By LYNETTE HAALAND, Four Points News
The teams, representing schools across the country, comprised of students, teachers and community mentors will pursue year-long invention projects that address real-world problems.
The mission of the Four Points area team is to invent a continuous flow water device for firefighters. The idea stemmed from the 2011 Labor Day weekend wildfires that affected Steiner Ranch. They will showcase their ideas at Massachusetts Institute of Technology next summer at EurekaFest.
“I am extremely proud of this outstanding group of young men and women, who competed with hundreds of teams from around the nation for this opportunity,” said Jan Masterson, educator sponsor of the local Lemelson-MIT InvenTeam and Four Points Middle School science teacher.
The InvenTeam initiative aims to inspire a new generation of inventors by engaging students in creative thinking, problem-solving and hands-on learning opportunities in STEM.
“When a group of former students and Kai Lamb of Hill Country Education Foundation approached me to sponsor a group of local area high school students, it was hard to say no,” Masterson said.
“Their motivation for seeking the InvenTeam grant was sparked by the tragedy of the 2011 wildfires that raged through the Steiner Ranch community causing devastating damage and loss to local residents,” she added.
The team spent their summer brainstorming, researching and interviewing area firefighters to gain an empathetic view into problems that affect the safety of the firefighters and cause critical time delays.
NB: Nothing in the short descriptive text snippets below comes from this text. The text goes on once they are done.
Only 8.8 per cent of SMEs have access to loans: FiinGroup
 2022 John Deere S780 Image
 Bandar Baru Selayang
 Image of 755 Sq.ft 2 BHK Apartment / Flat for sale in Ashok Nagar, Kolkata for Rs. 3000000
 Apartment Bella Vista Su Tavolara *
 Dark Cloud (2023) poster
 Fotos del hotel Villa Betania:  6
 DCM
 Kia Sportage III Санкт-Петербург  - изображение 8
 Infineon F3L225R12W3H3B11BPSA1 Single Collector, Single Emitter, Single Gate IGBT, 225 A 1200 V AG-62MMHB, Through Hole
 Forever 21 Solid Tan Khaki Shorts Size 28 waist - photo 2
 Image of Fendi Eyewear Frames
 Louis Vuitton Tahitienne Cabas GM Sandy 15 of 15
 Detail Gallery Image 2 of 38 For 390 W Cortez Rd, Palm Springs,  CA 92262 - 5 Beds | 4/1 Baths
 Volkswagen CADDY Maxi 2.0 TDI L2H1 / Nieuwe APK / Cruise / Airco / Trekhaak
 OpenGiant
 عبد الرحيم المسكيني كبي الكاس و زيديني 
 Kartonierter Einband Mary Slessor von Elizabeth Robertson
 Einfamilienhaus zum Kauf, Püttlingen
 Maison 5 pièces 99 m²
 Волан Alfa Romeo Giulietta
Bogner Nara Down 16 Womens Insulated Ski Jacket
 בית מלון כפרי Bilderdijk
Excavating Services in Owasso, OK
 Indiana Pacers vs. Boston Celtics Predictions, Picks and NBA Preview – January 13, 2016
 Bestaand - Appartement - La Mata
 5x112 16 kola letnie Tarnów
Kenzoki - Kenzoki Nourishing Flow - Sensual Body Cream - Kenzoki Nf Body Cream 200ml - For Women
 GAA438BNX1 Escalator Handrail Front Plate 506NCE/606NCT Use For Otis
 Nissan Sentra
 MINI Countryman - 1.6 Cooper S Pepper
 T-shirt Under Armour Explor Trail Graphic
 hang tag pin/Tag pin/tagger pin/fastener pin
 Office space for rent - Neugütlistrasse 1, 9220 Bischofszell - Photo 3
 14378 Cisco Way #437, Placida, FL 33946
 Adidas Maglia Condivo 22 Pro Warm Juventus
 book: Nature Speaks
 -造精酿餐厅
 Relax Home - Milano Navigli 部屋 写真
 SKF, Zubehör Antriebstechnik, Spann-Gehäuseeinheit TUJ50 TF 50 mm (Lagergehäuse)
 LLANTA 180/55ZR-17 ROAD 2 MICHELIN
This endeavor involves all aspects of creating a prototype design, resourcing, testing, and marketing a product.
Masterson trained with Lemelson-MIT on the MIT campus in Boston in June and came back with information to help guide the students in their quest to create a useful and unique product for the firefighting industry.
Kai Lamb, president of Hill Country Education Foundation, said programs like the Lemelson-MIT InvenTeam initiative provide students with an exceptional educational experience, but they don’t happen by themselves.
“They take students that are willing to do the work, they require empowering teachers such as Jan Masterson, and they need community support through organizations like HCEF, to bring it all together. We are fortunate to have these type of students, to have teachers like Mrs. Masterson in LISD and we are fortunate to have a community that supports HCEF so it can sponsor programs like the Lemelson-MIT InvenTeam,” Lamb said.
Nationwide, this year’s 15 teams are tackling barriers to the well-being of those in their own communities.
“They are solving problems that are right in front of them by addressing safety needs, developing aids for others, and inventing green – sustainable and environmental – solutions,” said Joshua Schuler, executive director of the Lemelson-MIT Program.
The 2014–2015 Lemelson-MIT InvenTeams and their proposed inventions are:
- Concord High School (Wilmington, Del.): Metal detection system for hospital textile cleaning
- Davenport West High School (Davenport, Iowa): Heat detection bracelet with communication features for children and pets in warm vehicles
- Gary and Jerri-Ann Jacobs High Tech High (San Diego, Calif.): Animal welfare containment and notification system
- Hill Country Education Foundation (Austin, Texas): Continuous flow water device for fire fighters
- South Brunswick High School (Monmouth Junction, N.J.): Proximity sensor and alert system for automobile doors
- University High School (Irvine, Calif.): Aerial wilderness distress monitor and search system
- Coppell High School (Coppell, Texas): Interactive training device for students with special needs
- Northampton High School (Northampton, Mass.): Self-feathering rowing oar for people with physical disabilities
- Wahlert Catholic High School (Dubuque, Iowa): Anti-rollback device for manual wheelchairs
- Baruch College Campus High School (New York, N.Y.): Detachable rubbish vacuum for New York City subways
- Broken Arrow Senior High School (Broken Arrow, Okla.): Low-cost, sustainable fish food for developing countries
- John D. O’Bryant School of Mathematics & Science (Roxbury, Mass.): Autonomous solar panel cleaning device
- Laguna Beach High School (Laguna Beach, Calif.): Water disinfection system utilizing solar power for developing countries
- SAIL High School (Tallahassee, Fla.): Autonomous weed removal robot for small scale farming
- St. Anne’s-Belfield School (Charlottesville, Va.): Lightweight, low-cost water filtration device for use after a natural disaster
The Lemelson-MIT Program is made possible by Jerome H. Lemelson, one of U.S. history’s most prolific inventors, and his wife Dorothy. Together they founded the Lemelson-MIT Program in 1994 and it is funded by the Lemelson Foundation and administered by the School of Engineering at MIT, an institution with a strong ongoing commitment to creating meaningful opportunities for K-12 STEM education.